All this would deliver an economic shock that will hurt US retirement accounts, businesses, and household budgets. Ideally, the ripple effects would be not just limited to North America but would harm Europe as well, greatly pleasing my paymasters as supply chains are thrown into chaos.
Oh, I could talk about tariffs all day! But there is other work to be done, and it’s no less interesting. If I were secretly trying to weaken America as an enemy agent, starting a moronic tariff war would be just one step. Here are some others:
Hint at abandoning NATO, because weakening the world’s most powerful alliance would destroy American hard power and embolden its enemies.
Eviscerate USAID, crushing America’s soft power and creating a vacuum enabling China and Russia to expand influence in developing countries.
Abandon Ukraine, acting like I don’t know who started the war, and effectively handing at least 20 percent of its territory to Russia, proving that the US is an untrustworthy ally and that one administration’s grant might be retrofitted as a loan by the next.
Say stupid nonsense with a straight face, like suggesting that all 2.2 million people in Gaza will leave the territory, and that the US can “buy” and “own” it and build resorts there — because when the president is a clown, America’s enemies are emboldened.
Put the world’s richest man in charge of firing thousands of middle-income workers, while endangering the entitlements of the poor, because helpless despair among Americans would be a gift to its adversaries.
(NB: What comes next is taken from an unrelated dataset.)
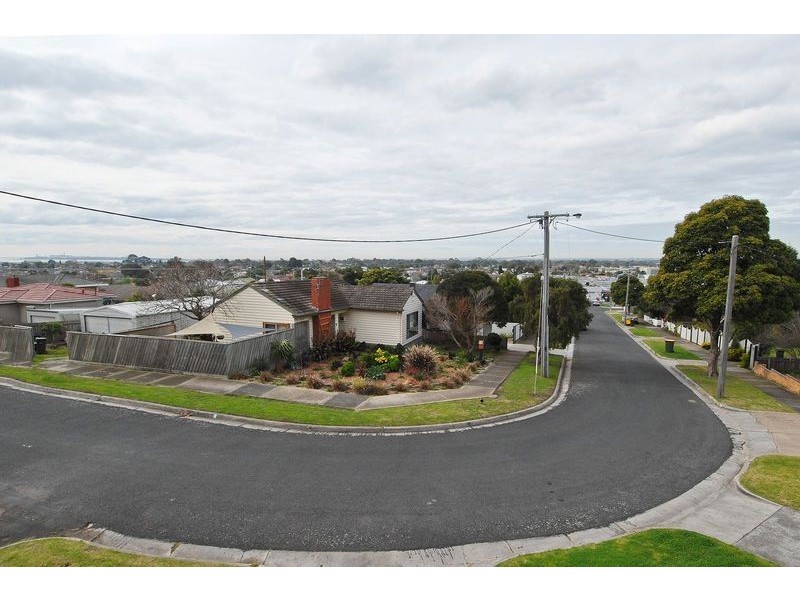 14 Gibbs Street, Newcomb VIC 3219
Send my minions to flirt with far-right and neo-Nazi parties across Europe, wiping out America’s post-WWII legacy as a global leader of liberal democracy, and ceding for many years any moral high ground — because a scumbag’s paradise is a world in which everyone’s a scumbag.
Hint at unconstitutional acts, like staying in office beyond the term limit, because a constitutional crisis in America would assist authoritarians everywhere by making democracy look unstable and dangerous.
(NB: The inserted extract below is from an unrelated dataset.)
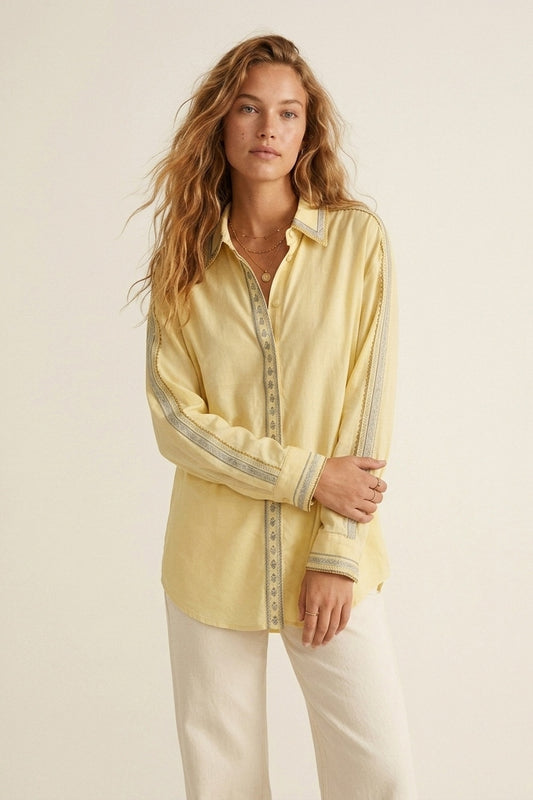 Chemise oversize jaune avec bordures brodées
Put a leading vaccine skeptic in charge of the nation’s health system and start seeding the message that polio went away all by itself, because an unhealthy America is precisely what Russia, China, and Iran want most.
Push classic Republican policies like opposing gun control, restricting healthcare, and trying to ban abortion — because most Americans hate them, and my employers hate most Americans. I might even get a raise!
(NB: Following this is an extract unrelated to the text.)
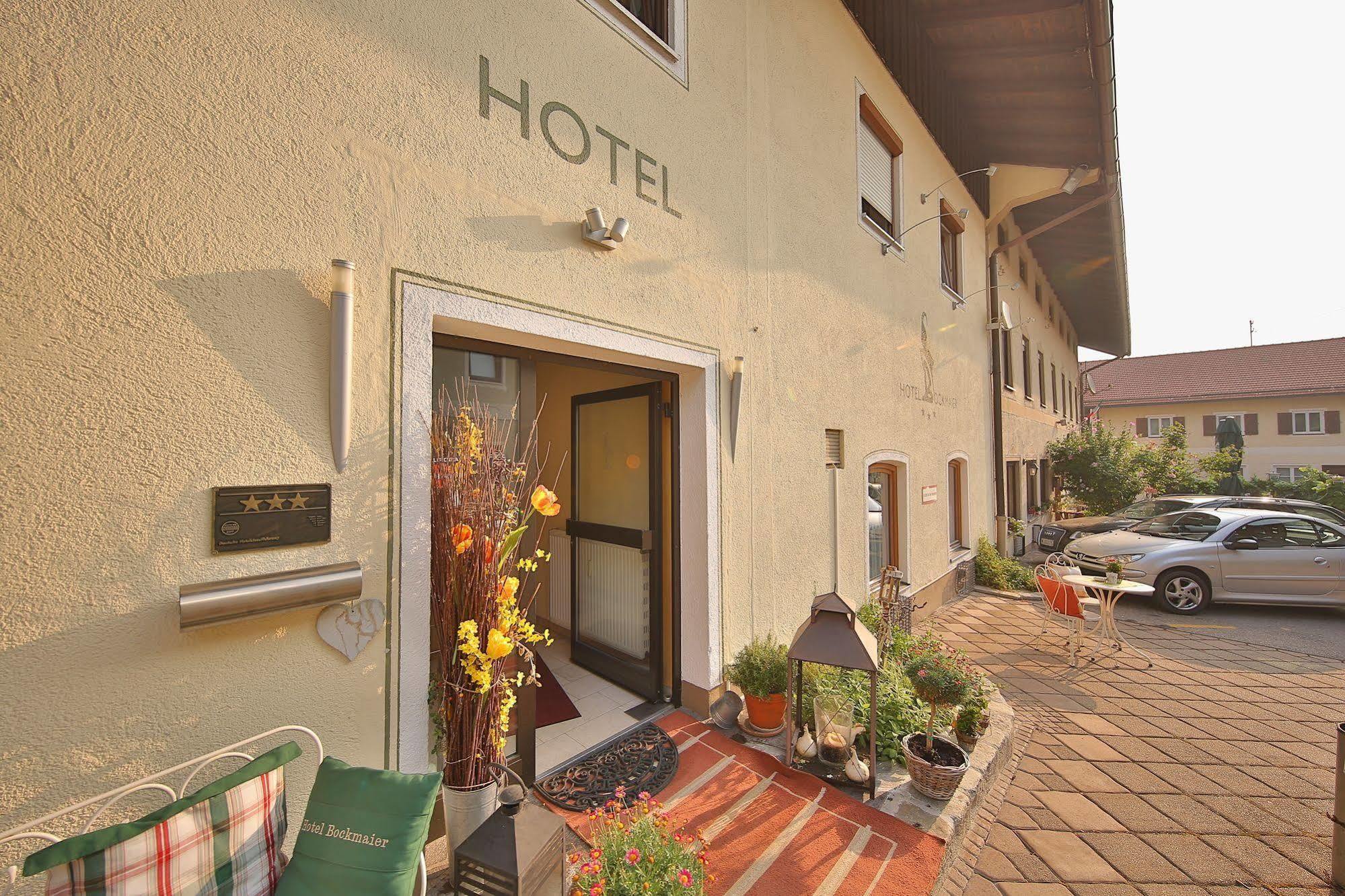Hotel Bockmaier Oberpframmern Exteriör bild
Grim, grim business. I’d certainly cause some harm. So isn’t it a lucky break that I’m not a US president who’s an agent of Russia, China or Iran?
Would you like to guess how many trademarks Trump holds in China?
Tarrifs don’t just fuel inflation and invite recessions.
Tariffs provide the conditions to create/expand black market commerce. They encourage smuggling goods across borders undeclared. They create revenue streams for law breakers and incentivize bad actors to set up networks of conspirators to handle the movement and storage of goods .
Those same networks can be leveraged to move drugs and people.